Building A Macro To Download Webpages With Excel

When conducting research, it’s not uncommon to perform repetitive tasks like downloading a group of webpages. A favorite tool I use to automate this is iMacros — it’s free and powerful. Just be sure to use the Firefox version, as its capabilities are limited in other browsers.

Say you want a list of the Fortune 500 companies’ websites. Normally, this would be an arduous task. CNN’s Fortune magazine website links to the websites, but you have to visit every company profile on a separate page. Watch what I do with a spreadsheet and a macro.
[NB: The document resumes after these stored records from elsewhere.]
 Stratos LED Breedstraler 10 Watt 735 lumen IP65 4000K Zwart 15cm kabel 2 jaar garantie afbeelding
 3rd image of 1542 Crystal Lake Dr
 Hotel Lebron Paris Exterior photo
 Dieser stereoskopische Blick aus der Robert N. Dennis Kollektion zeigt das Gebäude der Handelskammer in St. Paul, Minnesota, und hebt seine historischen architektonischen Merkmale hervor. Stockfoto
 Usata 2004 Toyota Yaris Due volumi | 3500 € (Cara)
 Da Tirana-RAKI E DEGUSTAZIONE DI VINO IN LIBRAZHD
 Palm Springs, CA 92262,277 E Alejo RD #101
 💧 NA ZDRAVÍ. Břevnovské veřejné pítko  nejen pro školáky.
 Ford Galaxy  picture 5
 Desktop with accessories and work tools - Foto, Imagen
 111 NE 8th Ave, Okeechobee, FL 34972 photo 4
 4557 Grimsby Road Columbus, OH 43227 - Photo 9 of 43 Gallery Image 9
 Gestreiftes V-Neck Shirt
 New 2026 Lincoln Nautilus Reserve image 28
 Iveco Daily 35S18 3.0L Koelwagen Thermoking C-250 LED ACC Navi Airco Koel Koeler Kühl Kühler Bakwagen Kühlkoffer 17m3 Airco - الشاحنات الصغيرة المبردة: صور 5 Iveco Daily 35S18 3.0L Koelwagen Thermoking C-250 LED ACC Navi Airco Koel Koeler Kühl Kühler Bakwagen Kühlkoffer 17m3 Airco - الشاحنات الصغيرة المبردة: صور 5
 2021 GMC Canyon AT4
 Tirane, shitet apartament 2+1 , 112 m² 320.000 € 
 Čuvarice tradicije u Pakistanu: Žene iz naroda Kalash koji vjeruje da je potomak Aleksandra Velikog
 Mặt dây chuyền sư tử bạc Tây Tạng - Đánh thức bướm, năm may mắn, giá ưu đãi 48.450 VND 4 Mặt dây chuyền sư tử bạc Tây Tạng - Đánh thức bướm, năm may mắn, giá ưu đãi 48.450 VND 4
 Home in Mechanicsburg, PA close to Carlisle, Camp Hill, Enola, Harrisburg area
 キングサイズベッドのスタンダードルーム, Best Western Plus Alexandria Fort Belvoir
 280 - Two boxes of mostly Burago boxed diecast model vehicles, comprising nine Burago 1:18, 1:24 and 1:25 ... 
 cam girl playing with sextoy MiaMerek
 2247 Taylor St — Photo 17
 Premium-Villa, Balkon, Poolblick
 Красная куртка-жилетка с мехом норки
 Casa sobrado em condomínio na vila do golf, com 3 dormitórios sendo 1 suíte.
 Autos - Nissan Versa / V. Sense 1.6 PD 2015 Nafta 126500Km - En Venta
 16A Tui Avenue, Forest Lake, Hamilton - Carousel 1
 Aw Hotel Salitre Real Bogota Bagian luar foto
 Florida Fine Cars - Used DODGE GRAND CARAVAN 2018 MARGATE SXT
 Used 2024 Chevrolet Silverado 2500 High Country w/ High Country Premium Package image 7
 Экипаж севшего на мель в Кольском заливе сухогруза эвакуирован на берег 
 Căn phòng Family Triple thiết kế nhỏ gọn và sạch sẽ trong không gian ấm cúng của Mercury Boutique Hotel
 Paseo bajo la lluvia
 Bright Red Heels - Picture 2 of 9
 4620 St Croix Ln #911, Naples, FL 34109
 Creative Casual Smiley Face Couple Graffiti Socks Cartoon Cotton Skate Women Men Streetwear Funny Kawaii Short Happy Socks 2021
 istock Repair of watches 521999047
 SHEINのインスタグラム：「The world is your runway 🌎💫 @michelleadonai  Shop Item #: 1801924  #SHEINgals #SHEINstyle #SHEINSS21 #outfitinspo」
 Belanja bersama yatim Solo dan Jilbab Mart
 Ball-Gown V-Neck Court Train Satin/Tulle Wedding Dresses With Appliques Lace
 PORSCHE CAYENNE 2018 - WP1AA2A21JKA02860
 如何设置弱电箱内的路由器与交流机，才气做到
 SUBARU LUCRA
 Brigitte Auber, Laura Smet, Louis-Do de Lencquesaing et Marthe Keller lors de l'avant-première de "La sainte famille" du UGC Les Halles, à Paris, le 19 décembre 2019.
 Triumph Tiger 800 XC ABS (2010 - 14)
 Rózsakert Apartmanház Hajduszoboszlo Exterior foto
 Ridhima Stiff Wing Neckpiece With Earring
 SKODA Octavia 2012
Get a list of company page URLs from the CNN Money Fortune 500 list.

I use the Web Developer tool to get a list of links to all the company profiles. Just select Information and View Link Information.

View links on a webpage.

View links on a webpage

Then, copy the links you want to scrape.

A list of webpage links.

A list of webpage links

And, paste into Excel.

A  list of webpage links in Excel.

A list of webpage links in Excel

Add these formulas to row 1:

Column B: 1 You will assign a unique number to each row. This will be used to name your download files.

Column C: =”URL GOTO=” & A1 This is the command that will tell the macro what web page to visit.

Column D: =”SAVEAS TYPE=HTM FOLDER=c:\web-pages FILE=” & B1 & “.html” This saves a copy of the web page on your hard drive.

Column E: WAIT SECONDS=3 This instruction tells the macro to pause for three seconds. I find a brief pause between pages helps keep the macro running smoothly.

In Excel, number column B 1 to n (1, 2, 3, 4, etc.).

Copy row 1 of columns C, D, and E then paste them into every row so your spreadsheet looks like this:

A Web browser macro in Excel.

A Web browser macro in Excel

You are now done with Excel and ready to create your macro. First, each cell has to become a separate cell. Below is my trick for accomplishing this.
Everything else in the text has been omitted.